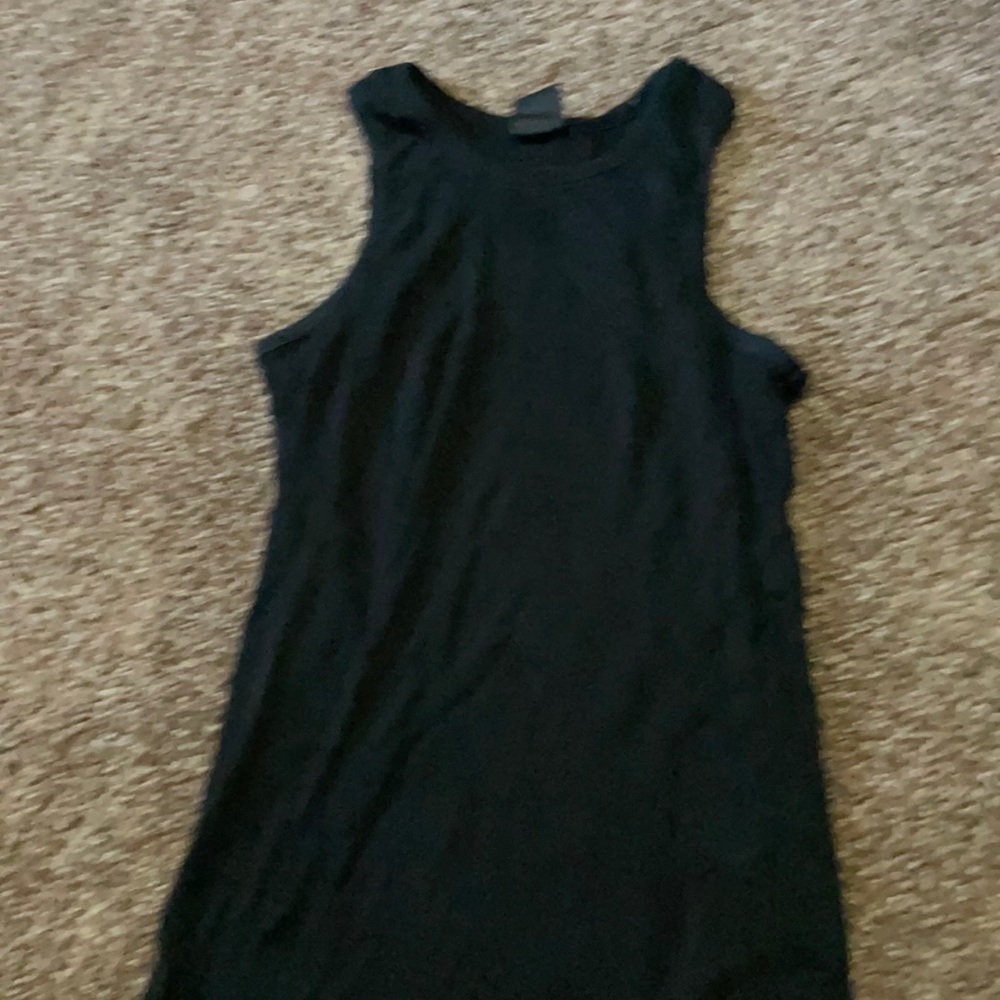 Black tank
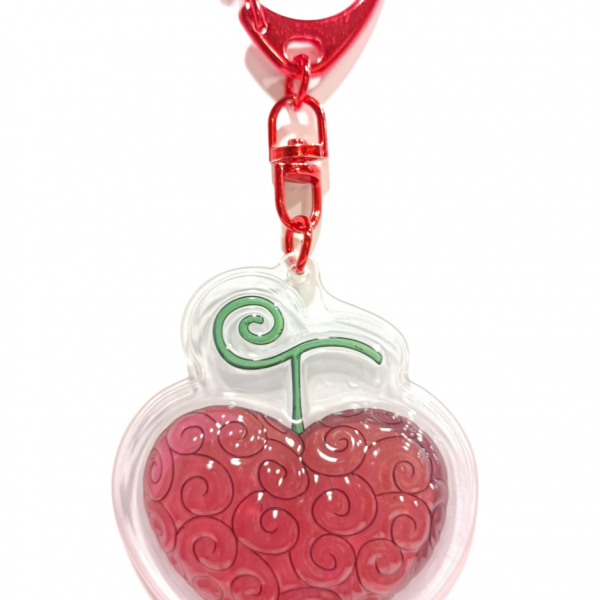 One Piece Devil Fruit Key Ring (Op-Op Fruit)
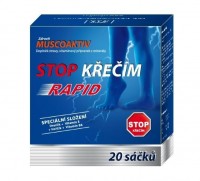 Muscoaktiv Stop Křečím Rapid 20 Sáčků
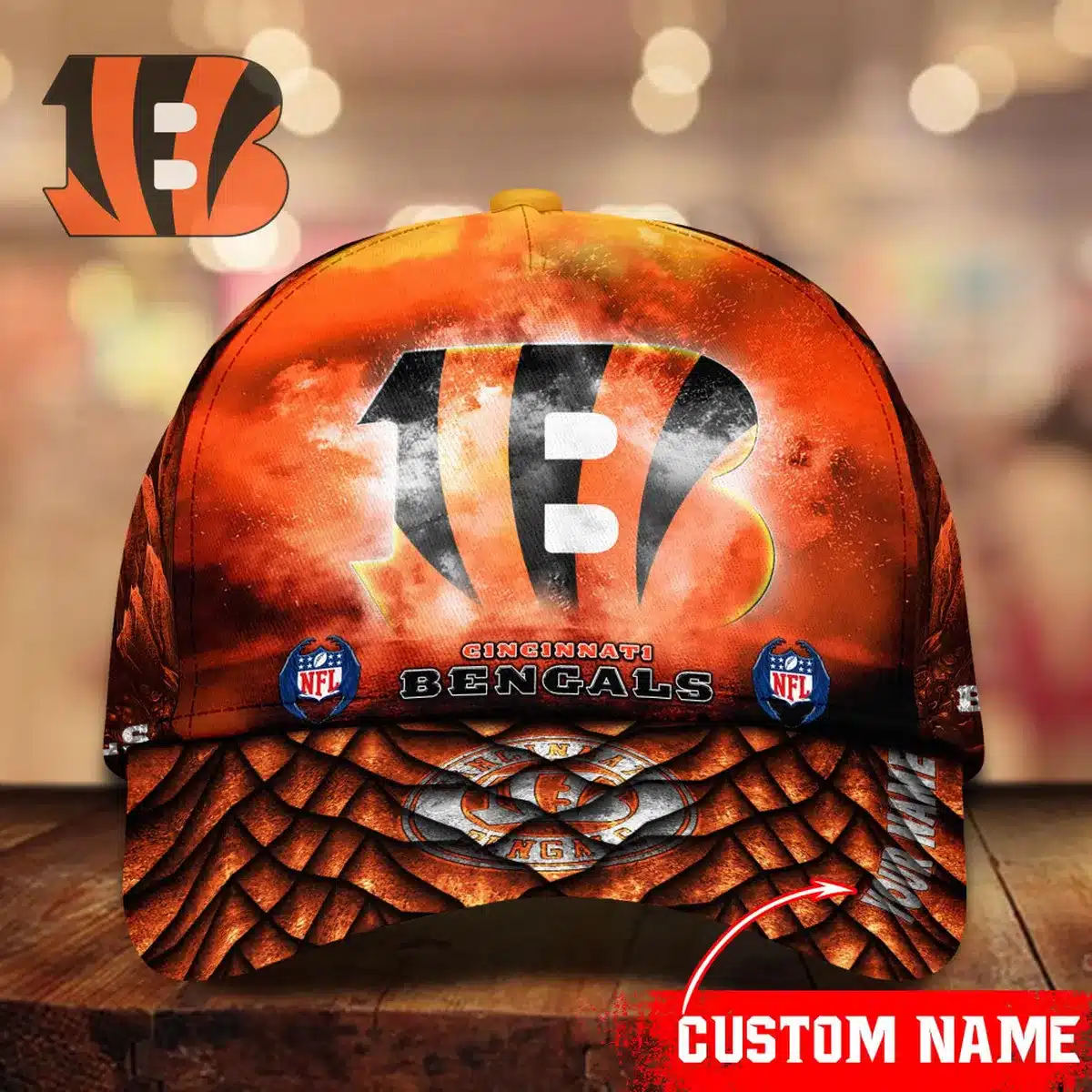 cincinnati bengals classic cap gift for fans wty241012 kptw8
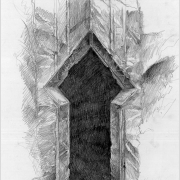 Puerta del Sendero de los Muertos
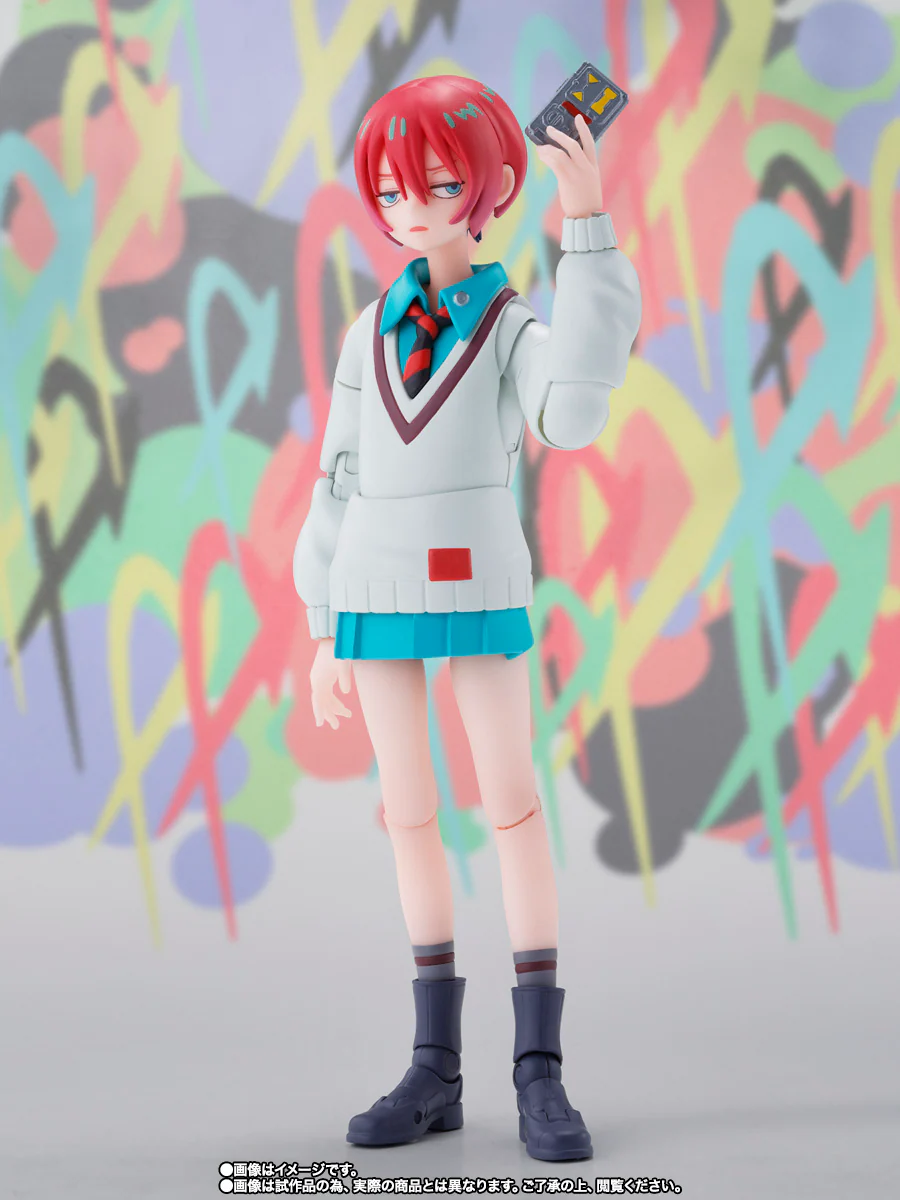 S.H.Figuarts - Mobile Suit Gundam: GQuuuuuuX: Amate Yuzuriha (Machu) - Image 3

Exercise description ->
Skipping all images, print the data above a second time exactly.

Answer space ->
 Black tank
 One Piece Devil Fruit Key Ring (Op-Op Fruit)
 Muscoaktiv Stop Křečím Rapid 20 Sáčků
 cincinnati bengals classic cap gift for fans wty241012 kptw8
 Puerta del Sendero de los Muertos
 S.H.Figuarts - Mobile Suit Gundam: GQuuuuuuX: Amate Yuzuriha (Machu) - Image 3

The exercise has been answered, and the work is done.